The Fresh Loaf

A Community of Amateur Bakers and Artisan Bread Enthusiasts.

Sourdough 33%wholewheat-rye.

kacy's picture
kacy

Sourdough 33%wholewheat-rye.

The prep schedule got messed up when i had to drop everything and go marketing with a friend. Ended up with the autolysed dough which was slapped and folded about 2 mins on the counter and hurriedly thrown into an oiled bowl, bagged and immediately refrigerated. Came back more than 6 hrs later and started to do the first SF. Left dough on counter and did 2nd SF an hr later then refrigerated again another 3 hrs. Shaped and couched then went into fridge again overnight. Slashed and Baked this morning after 12hrs proof. There is no magic protocol here. Just a play with time and temp. Just shows how forgiving the whole mix can be. The aroma coming from the bake was just so good. Cant wait to savour and to see the interior.

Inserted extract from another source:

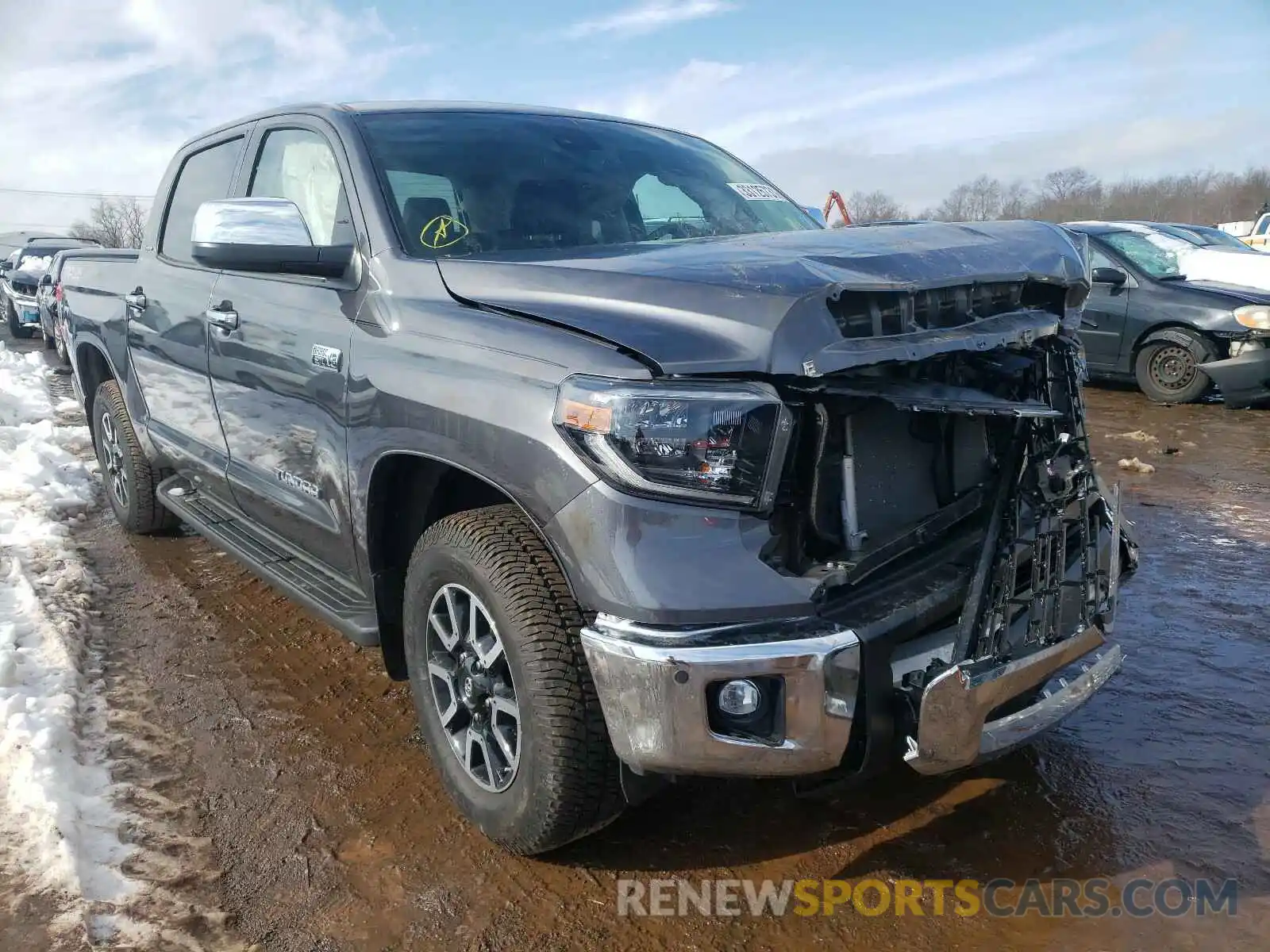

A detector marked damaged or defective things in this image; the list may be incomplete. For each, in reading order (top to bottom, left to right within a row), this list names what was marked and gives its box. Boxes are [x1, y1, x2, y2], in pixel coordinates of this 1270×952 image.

crumpled hood [432, 221, 1087, 375]
damaged front end [762, 282, 1143, 781]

100g starter. 200g water. 200g bread flr. 50gwholewheat. 50g rye

Happy baking everyone. May the fired up ovens keep you warm  these wintry days..

Comments

nmygarden's picture
nmygarden

Whatever happened to the schedule, you came up with a winner! Enjoy!

Cathy

dabrownman's picture
dabrownman

The saying that the fridge is your friend really ame though for you.  Tough to beat the 1:2:3 for ease and results.  Well done and happy baking

kacy's picture
kacy

Tq DA. You are always most encouraging. Us novices need that extra boost... also goes to TFL and all their comments. Such generosity in sharing.